Top of Extracted information

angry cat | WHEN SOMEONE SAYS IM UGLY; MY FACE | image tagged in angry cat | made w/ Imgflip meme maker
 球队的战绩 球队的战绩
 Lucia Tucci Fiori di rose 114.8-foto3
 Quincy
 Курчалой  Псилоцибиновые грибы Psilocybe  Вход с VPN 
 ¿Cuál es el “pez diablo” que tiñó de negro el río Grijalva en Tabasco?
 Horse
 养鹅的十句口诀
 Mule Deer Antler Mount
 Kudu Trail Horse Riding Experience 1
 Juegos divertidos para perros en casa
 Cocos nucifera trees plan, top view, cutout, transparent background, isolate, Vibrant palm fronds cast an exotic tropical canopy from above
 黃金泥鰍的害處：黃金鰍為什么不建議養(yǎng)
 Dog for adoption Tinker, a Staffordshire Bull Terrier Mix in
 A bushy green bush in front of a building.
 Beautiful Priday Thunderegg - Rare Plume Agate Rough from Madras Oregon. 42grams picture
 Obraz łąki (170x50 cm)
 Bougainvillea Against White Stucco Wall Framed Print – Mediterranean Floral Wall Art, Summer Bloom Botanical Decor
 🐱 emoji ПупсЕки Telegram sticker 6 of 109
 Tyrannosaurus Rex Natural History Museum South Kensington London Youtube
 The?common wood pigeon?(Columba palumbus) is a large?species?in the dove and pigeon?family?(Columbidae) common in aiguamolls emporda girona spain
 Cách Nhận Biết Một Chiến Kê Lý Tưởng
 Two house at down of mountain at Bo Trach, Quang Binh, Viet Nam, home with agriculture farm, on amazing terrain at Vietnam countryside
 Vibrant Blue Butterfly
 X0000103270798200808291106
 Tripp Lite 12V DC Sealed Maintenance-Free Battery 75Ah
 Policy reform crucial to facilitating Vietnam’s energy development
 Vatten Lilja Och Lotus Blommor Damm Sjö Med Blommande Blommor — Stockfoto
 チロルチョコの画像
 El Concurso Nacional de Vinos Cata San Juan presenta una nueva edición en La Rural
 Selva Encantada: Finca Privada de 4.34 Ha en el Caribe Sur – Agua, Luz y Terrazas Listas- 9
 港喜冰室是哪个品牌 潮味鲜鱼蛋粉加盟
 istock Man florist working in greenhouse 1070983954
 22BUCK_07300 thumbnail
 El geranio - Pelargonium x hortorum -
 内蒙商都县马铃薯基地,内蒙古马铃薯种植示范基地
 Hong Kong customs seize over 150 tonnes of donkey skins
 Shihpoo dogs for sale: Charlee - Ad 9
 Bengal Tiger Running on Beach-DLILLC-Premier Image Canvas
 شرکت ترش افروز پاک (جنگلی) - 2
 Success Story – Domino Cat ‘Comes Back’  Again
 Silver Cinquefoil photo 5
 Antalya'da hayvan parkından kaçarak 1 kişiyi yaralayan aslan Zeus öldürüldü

Bottom of Extracted information

> About this task
Please reproduce the material in its entirety, exactly as it stands.

> Written solution
angry cat | WHEN SOMEONE SAYS IM UGLY; MY FACE | image tagged in angry cat | made w/ Imgflip meme maker
 球队的战绩 球队的战绩
 Lucia Tucci Fiori di rose 114.8-foto3
 Quincy
 Курчалой  Псилоцибиновые грибы Psilocybe  Вход с VPN 
 ¿Cuál es el “pez diablo” que tiñó de negro el río Grijalva en Tabasco?
 Horse
 养鹅的十句口诀
 Mule Deer Antler Mount
 Kudu Trail Horse Riding Experience 1
 Juegos divertidos para perros en casa
 Cocos nucifera trees plan, top view, cutout, transparent background, isolate, Vibrant palm fronds cast an exotic tropical canopy from above
 黃金泥鰍的害處：黃金鰍為什么不建議養(yǎng)
 Dog for adoption Tinker, a Staffordshire Bull Terrier Mix in
 A bushy green bush in front of a building.
 Beautiful Priday Thunderegg - Rare Plume Agate Rough from Madras Oregon. 42grams picture
 Obraz łąki (170x50 cm)
 Bougainvillea Against White Stucco Wall Framed Print – Mediterranean Floral Wall Art, Summer Bloom Botanical Decor
 🐱 emoji ПупсЕки Telegram sticker 6 of 109
 Tyrannosaurus Rex Natural History Museum South Kensington London Youtube
 The?common wood pigeon?(Columba palumbus) is a large?species?in the dove and pigeon?family?(Columbidae) common in aiguamolls emporda girona spain
 Cách Nhận Biết Một Chiến Kê Lý Tưởng
 Two house at down of mountain at Bo Trach, Quang Binh, Viet Nam, home with agriculture farm, on amazing terrain at Vietnam countryside
 Vibrant Blue Butterfly
 X0000103270798200808291106
 Tripp Lite 12V DC Sealed Maintenance-Free Battery 75Ah
 Policy reform crucial to facilitating Vietnam’s energy development
 Vatten Lilja Och Lotus Blommor Damm Sjö Med Blommande Blommor — Stockfoto
 チロルチョコの画像
 El Concurso Nacional de Vinos Cata San Juan presenta una nueva edición en La Rural
 Selva Encantada: Finca Privada de 4.34 Ha en el Caribe Sur – Agua, Luz y Terrazas Listas- 9
 港喜冰室是哪个品牌 潮味鲜鱼蛋粉加盟
 istock Man florist working in greenhouse 1070983954
 22BUCK_07300 thumbnail
 El geranio - Pelargonium x hortorum -
 内蒙商都县马铃薯基地,内蒙古马铃薯种植示范基地
 Hong Kong customs seize over 150 tonnes of donkey skins
 Shihpoo dogs for sale: Charlee - Ad 9
 Bengal Tiger Running on Beach-DLILLC-Premier Image Canvas
 شرکت ترش افروز پاک (جنگلی) - 2
 Success Story – Domino Cat ‘Comes Back’  Again
 Silver Cinquefoil photo 5
 Antalya'da hayvan parkından kaçarak 1 kişiyi yaralayan aslan Zeus öldürüldü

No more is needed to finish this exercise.